Conspirator, your underlying assumption of both a resurgence of Senate
interest and the shift of this interest in favour of one of the disputants
is bound to portray the Senate in a suspicious light unless you explain why
and when the august body’s somersault happened.
Breakdown of
law and order
The second
question: Is there breakdown of law and order in Anambra State, the only
situation which could prompt the debatable, extra-constitutional and
dangerous action contemplated by you?
The crisis in the state is firmly under the control of due process. Every attempt to steer it away from due process has always been effectively reversed by the courts and public opinion. Each of the three honestly transparent and constitutional processes that can be used to remove a governor is peacefully being tried. The first, electoral tribunal, is at work undisturbed. The second, impeachment procedure, has been successfully tried, but in a reverse motion. The third, the resignation procedure, is sub judice. For the structure of administration, all the constitutional organs of governance – Executive, Legislative and Judiciary – are functioning.
Beyond the formalism of constitutionality, there is the reality of the reign of peace in the civil society in Anambra State. The citizens of Anambra State are plying their daily business, without any threat to life and property. The latest court verdicts and appeals indicate that none of the protagonists is able to take the law into his hands. As far as security of life and property is concerned, Anambra State is not more insecure than any other state in Nigeria. She is in fact more secure than quite a few.
Therefore any
suggestion of breakdown of law and order in Anambra is obtuse, ill-motivated
and false. It is an obvious attempt to search for a bad name to hang a hated
dog.
Filthy bribe
and greed
As one waits your
answers to these two questions, one can provisionally reach only one
conclusion: you are motivated by personal gains to play the devil’s
advocate.

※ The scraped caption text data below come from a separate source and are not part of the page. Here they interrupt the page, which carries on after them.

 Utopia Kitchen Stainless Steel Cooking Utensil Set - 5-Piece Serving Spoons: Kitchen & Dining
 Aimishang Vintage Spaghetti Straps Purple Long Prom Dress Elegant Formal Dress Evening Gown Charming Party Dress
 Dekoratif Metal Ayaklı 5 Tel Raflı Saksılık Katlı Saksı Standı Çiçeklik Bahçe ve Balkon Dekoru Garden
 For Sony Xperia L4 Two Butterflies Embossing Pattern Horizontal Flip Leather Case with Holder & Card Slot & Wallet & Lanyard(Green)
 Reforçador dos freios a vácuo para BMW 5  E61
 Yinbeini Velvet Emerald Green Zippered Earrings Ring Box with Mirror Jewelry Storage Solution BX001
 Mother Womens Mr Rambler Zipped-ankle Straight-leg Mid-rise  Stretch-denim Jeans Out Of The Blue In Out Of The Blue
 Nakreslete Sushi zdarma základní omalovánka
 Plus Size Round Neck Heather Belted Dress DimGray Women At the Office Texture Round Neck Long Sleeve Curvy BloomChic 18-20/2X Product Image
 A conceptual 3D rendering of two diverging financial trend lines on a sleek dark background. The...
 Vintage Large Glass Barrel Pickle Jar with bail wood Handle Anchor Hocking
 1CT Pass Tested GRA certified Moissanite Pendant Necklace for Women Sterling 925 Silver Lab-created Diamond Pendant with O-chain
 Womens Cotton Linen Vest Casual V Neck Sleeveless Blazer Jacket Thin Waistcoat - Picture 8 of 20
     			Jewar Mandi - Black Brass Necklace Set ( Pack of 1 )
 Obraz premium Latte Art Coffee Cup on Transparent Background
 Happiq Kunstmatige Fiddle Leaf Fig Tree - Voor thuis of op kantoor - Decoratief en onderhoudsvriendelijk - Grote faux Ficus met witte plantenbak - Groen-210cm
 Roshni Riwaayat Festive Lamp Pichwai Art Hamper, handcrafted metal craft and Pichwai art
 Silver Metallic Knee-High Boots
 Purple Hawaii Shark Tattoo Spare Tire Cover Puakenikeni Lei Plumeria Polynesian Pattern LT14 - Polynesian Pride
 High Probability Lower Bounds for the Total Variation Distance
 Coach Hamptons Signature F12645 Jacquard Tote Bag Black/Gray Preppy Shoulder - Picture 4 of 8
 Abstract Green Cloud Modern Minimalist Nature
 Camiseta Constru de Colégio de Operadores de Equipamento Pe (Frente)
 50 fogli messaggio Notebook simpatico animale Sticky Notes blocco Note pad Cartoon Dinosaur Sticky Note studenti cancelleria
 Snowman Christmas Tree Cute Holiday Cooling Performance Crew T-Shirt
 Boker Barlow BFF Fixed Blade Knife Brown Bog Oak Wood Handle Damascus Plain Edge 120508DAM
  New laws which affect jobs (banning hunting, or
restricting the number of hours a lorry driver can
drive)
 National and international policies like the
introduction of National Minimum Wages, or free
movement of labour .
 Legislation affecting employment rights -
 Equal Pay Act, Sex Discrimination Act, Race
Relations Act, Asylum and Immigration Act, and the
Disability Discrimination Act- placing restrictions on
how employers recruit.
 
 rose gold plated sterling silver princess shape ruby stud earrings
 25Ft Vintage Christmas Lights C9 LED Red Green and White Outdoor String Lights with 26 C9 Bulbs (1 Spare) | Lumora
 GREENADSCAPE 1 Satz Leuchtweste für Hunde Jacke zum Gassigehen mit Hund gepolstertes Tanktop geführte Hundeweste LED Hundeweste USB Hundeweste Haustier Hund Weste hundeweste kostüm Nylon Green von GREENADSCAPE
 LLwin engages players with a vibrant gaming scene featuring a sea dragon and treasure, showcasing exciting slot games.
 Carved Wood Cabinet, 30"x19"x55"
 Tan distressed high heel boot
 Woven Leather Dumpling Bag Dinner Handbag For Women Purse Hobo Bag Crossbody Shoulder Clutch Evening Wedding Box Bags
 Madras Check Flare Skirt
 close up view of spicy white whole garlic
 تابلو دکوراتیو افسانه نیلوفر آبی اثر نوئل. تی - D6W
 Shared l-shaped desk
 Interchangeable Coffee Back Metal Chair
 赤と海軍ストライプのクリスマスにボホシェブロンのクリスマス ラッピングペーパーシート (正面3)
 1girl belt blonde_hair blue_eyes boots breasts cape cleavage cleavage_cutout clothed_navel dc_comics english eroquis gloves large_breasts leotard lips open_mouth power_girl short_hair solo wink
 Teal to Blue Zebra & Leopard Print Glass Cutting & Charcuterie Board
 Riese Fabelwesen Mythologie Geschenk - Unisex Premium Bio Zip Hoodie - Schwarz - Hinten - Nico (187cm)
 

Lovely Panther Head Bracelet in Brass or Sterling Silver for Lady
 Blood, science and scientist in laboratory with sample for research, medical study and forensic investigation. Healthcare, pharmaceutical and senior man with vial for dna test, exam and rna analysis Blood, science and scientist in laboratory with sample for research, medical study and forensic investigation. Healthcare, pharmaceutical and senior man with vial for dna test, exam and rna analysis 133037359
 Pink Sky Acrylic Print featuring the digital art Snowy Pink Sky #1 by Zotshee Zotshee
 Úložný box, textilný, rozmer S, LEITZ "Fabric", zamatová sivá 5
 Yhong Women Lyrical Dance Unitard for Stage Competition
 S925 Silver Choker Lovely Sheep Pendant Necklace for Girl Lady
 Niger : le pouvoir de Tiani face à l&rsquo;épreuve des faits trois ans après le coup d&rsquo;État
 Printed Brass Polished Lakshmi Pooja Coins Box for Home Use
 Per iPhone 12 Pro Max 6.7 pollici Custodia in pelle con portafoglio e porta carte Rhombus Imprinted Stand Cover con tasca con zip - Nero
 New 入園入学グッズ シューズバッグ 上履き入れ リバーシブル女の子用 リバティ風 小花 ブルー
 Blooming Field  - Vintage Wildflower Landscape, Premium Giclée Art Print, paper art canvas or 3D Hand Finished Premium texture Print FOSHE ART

The personal gain is money. Throughout the evening of last
Wednesday, January 14, your house was as busy as a Bureau de Change. Some
Senators, especially from a certain opposition party, were enticed with the
lure of filthy lucre in exchange for support to your planned motion. Many
other Senators from other parties were also approached. However, greed
predictably bred its own contradictions. Some of your prospective associate
victims considered the price tag of N500,000 too low, while you also felt
short changed. You were not happy that the protagonist who hired you for
the hatchet job chose himself to serve as both the treasurer and cashier
directly dispensing the bribes in your house, instead of handing over the
treasure to you in advance and leaving everything to your angelic
discretion! There is every indication that you and your sponsors have
retreated temporarily, waiting in ambush for another opportunity to take the
Senate unawares.
Implications
Since we are able
to establish that the sudden interest which you tried to arouse in the
Senate on Anambra crisis is suspect, that there is no breakdown of law and
order in Anambra, and that your sole instrument of attempting to entice
Senators to your ill-fated motion is money, I now proceed to point out to
you and to my fellow distinguished Senators the implications of the course
of action to which you tried to rail road a few of them.
There are five
major implications: A lawless body The first is the attempt to portray the Senate, Nigeria’s highest law-making organ, as a body that has no respect for law or truth – an institution which places one value (money) above the key values of patriotism, honour, decency, truth and rule of law. Surely, the Senate is not and must not be the abode of the lower breed without the law, ever ready to jump at the bait of the highest bidder.
The present Senate
must rise as one man to reject and rebuff this insult. The injury to our
image is yet to heal fully from the smear of the recent N54 million scandal.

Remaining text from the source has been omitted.